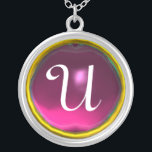 Collar Plateado Monograma De Gema Ametista Rosa<br><div class="desc">Diseño elegante y único con piedra de piedra. Modelación y renderización de nodrizas muy precisas en el estudio 3D Max de Bulgan Lumini.Parte de la serie Hyper Talismans.</div>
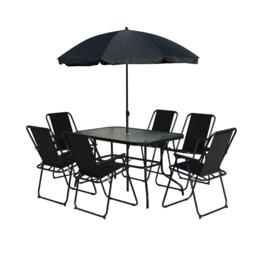 Linea 7-Piece Glass-Top Patio Dining Set - thumbnail 2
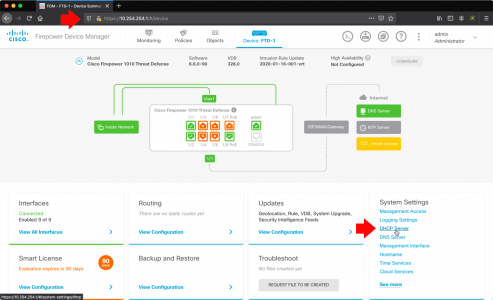 Firepower 1010 Setup DHCP Scope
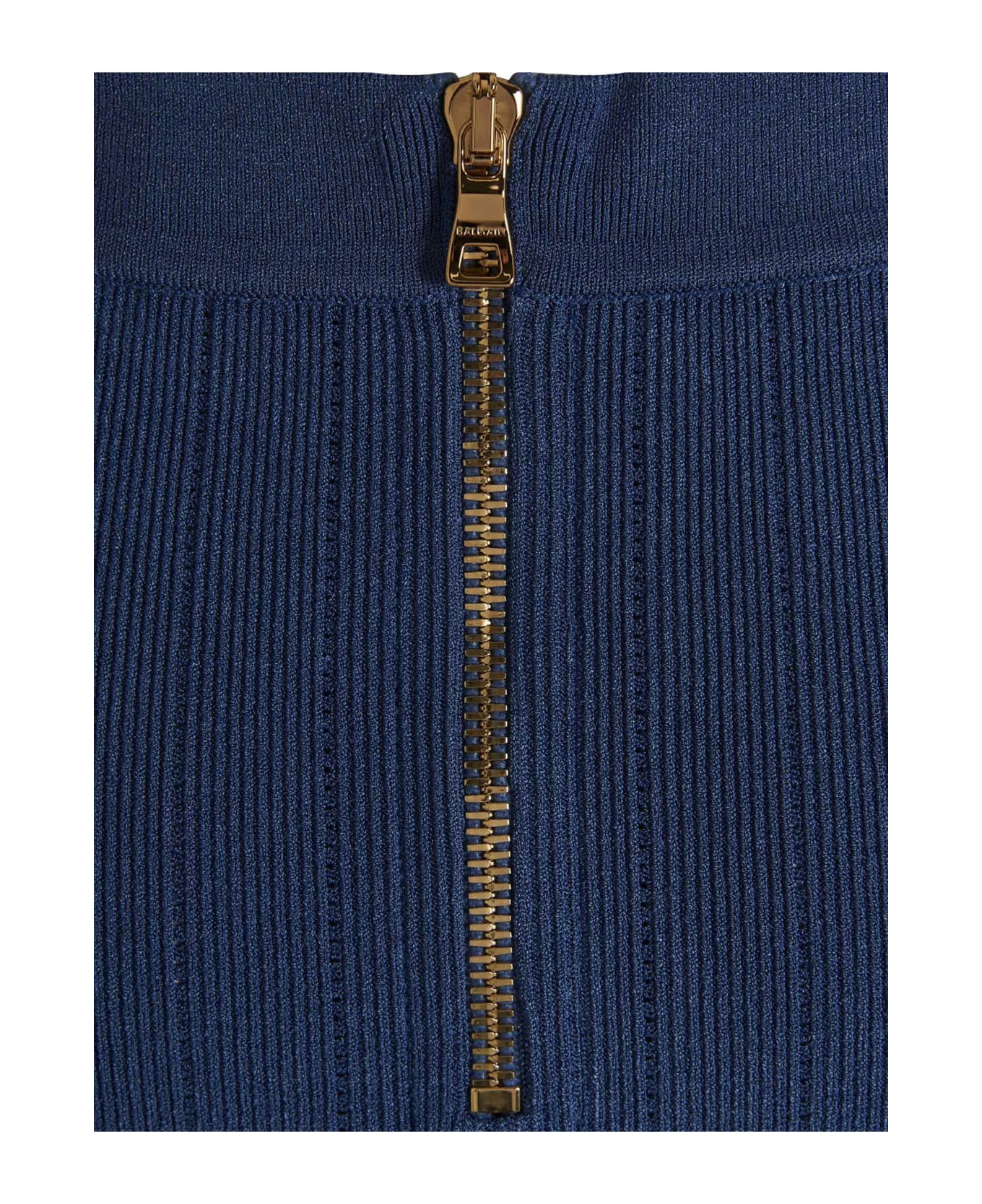 Balmain Logo Button Knit Skirt - Blue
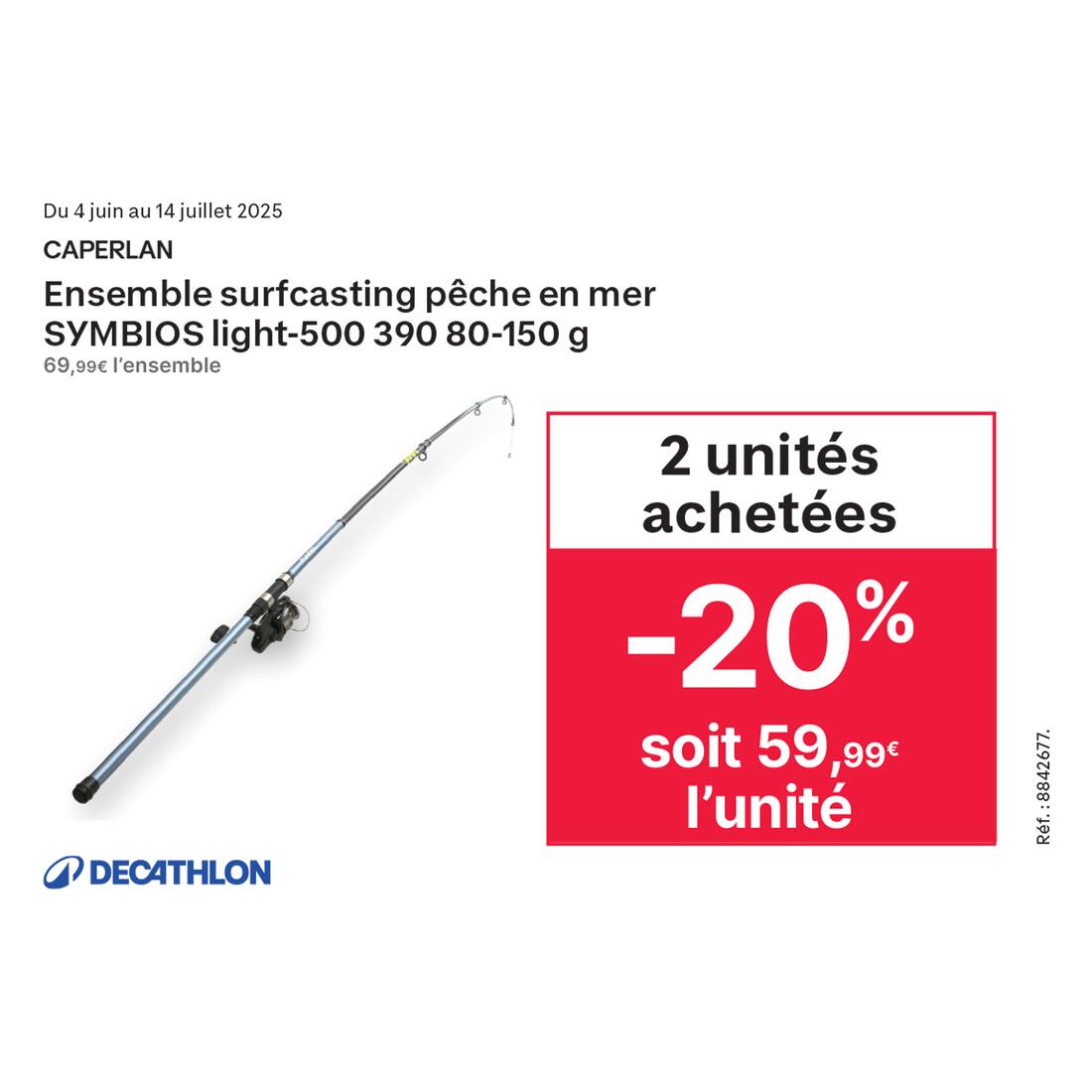 Ensemble de pêche en surfcasting canne et moulinet symbios light-500 390 80-150g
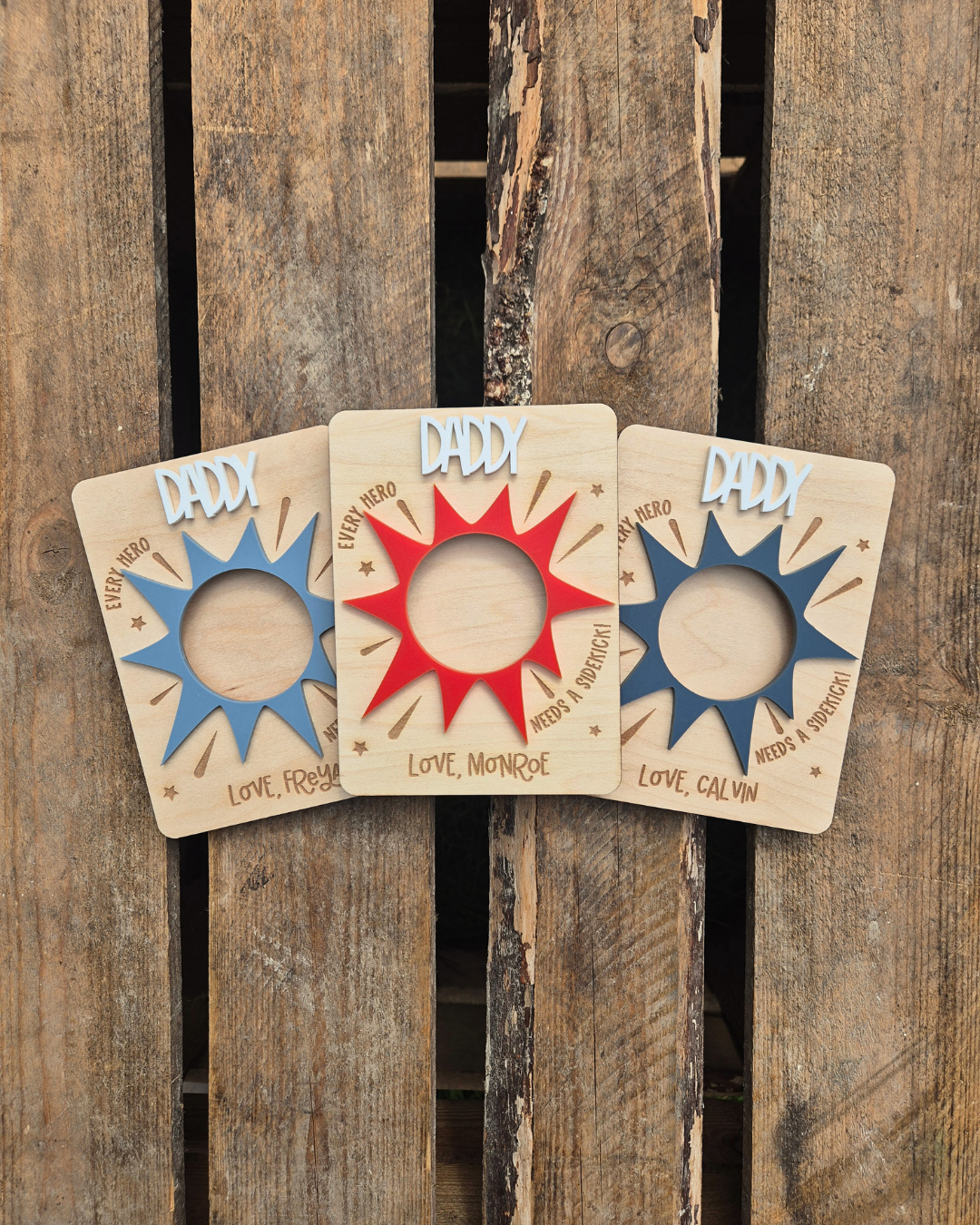 Superhero and Sidekick Photo Magnet - Personalised Father's Day Gift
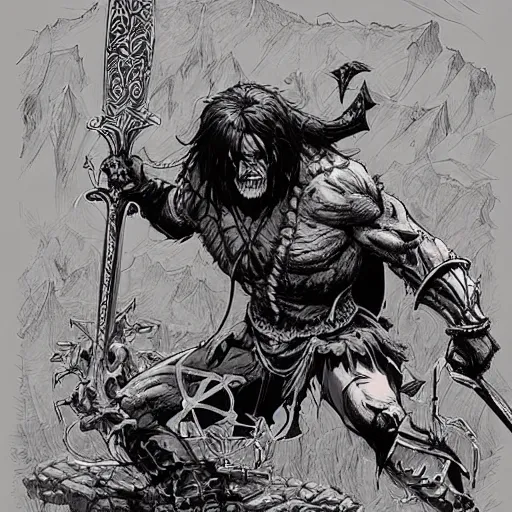 Image similar to cell shaded cartoon, a dark lord conan the Barbarian raising a sword atop a mountain of bones, concept art by josan gonzales and wlop, Laurie Greasley and james jean, highly detailed, sharp focus, Trending on Artstation, HQ, deviantart, art by artgem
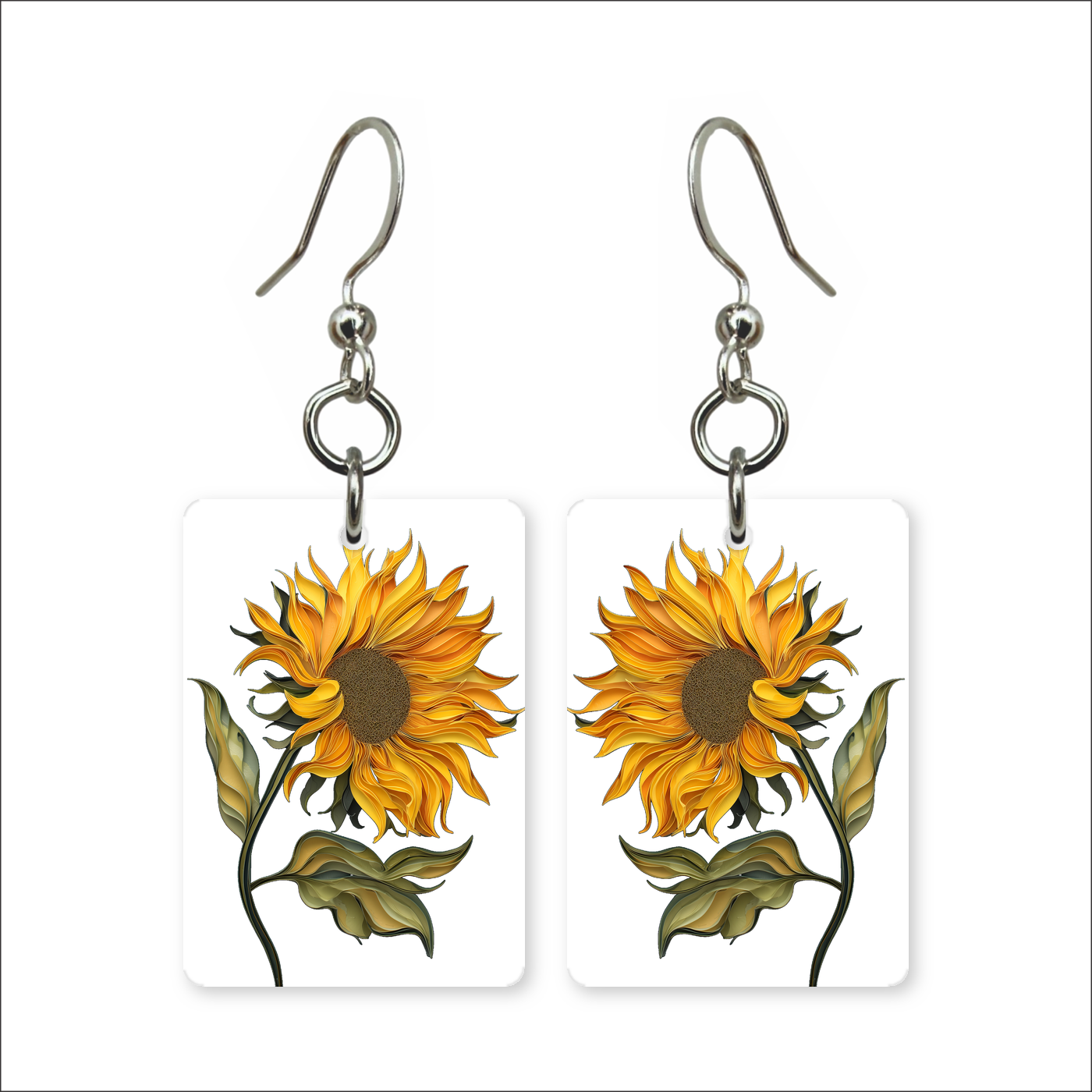 Sunflower Stem Earrings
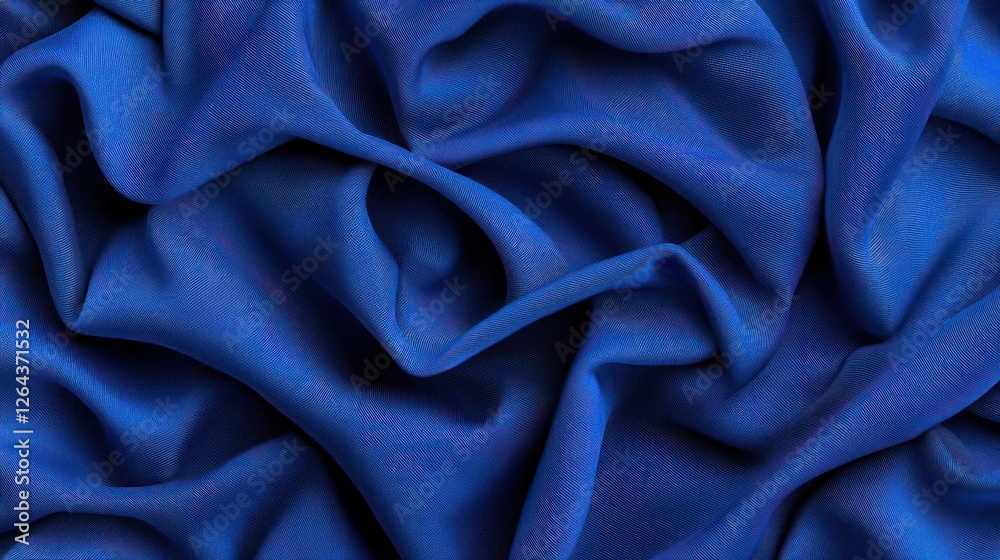 Obraz premium Deep Blue Creased Fabric With Intricate Pattern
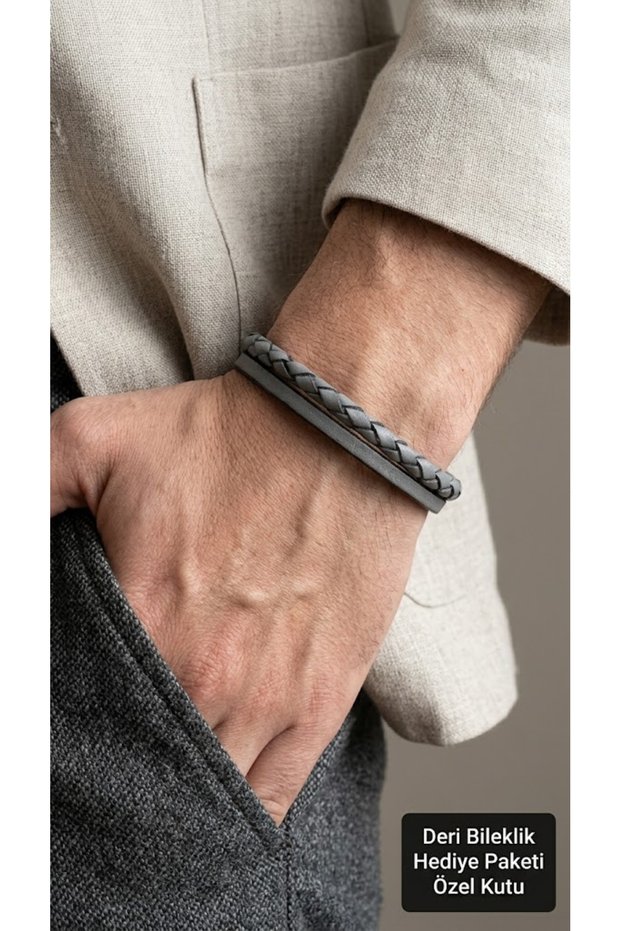 Vercelli Ash Gray Leather Men's Bracelet - Single Row Weave Minimal Design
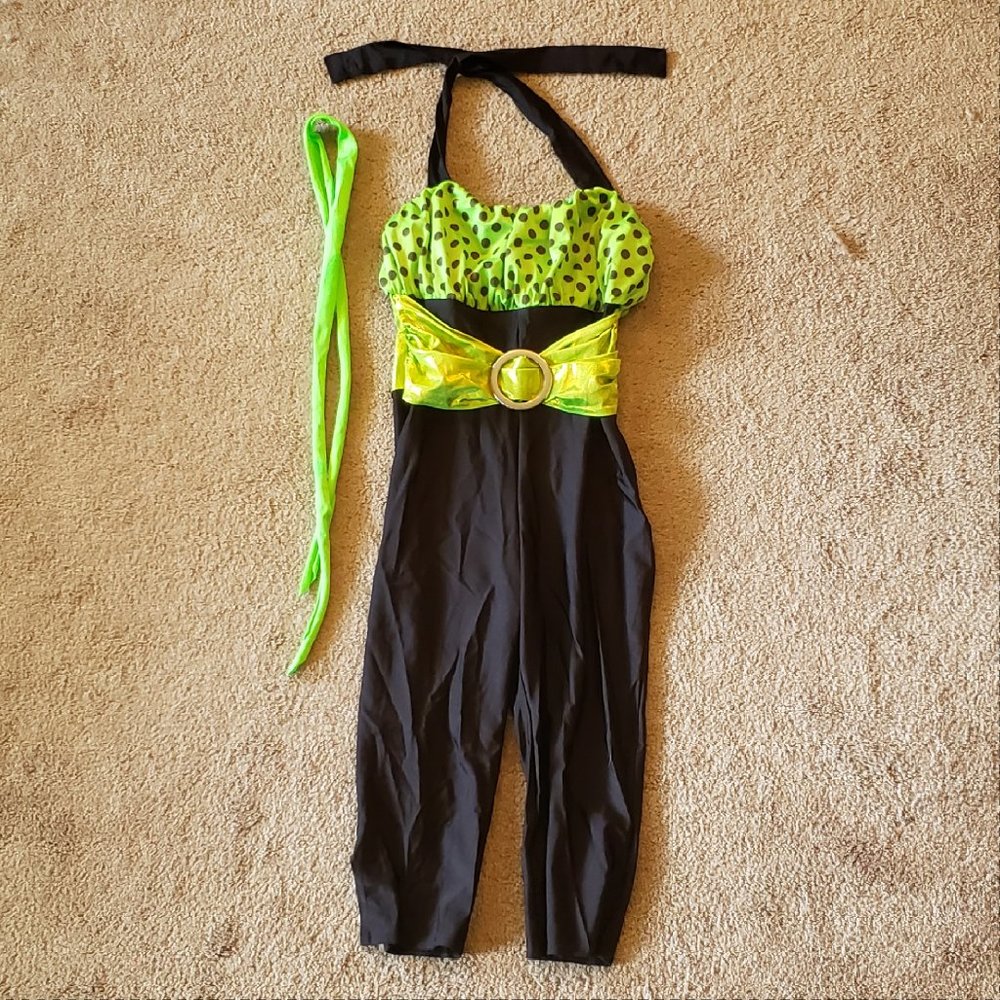 Junior's green & black jumpsuit Halloween Dance costume retro neon hair tie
================================
EXERCISE DETAILS ->
What's needed is every record restated exactly, pictures excluded.

RESULT OF THIS TASK ->
 Collar Plateado Monograma De Gema Ametista Rosa<br><div class="desc">Diseño elegante y único con piedra de piedra. Modelación y renderización de nodrizas muy precisas en el estudio 3D Max de Bulgan Lumini.Parte de la serie Hyper Talismans.</div>
 Linea 7-Piece Glass-Top Patio Dining Set - thumbnail 2
 Firepower 1010 Setup DHCP Scope
 Balmain Logo Button Knit Skirt - Blue
 Ensemble de pêche en surfcasting canne et moulinet symbios light-500 390 80-150g
 Superhero and Sidekick Photo Magnet - Personalised Father's Day Gift
 Image similar to cell shaded cartoon, a dark lord conan the Barbarian raising a sword atop a mountain of bones, concept art by josan gonzales and wlop, Laurie Greasley and james jean, highly detailed, sharp focus, Trending on Artstation, HQ, deviantart, art by artgem
 Sunflower Stem Earrings
 Obraz premium Deep Blue Creased Fabric With Intricate Pattern
 Vercelli Ash Gray Leather Men's Bracelet - Single Row Weave Minimal Design
 Junior's green & black jumpsuit Halloween Dance costume retro neon hair tie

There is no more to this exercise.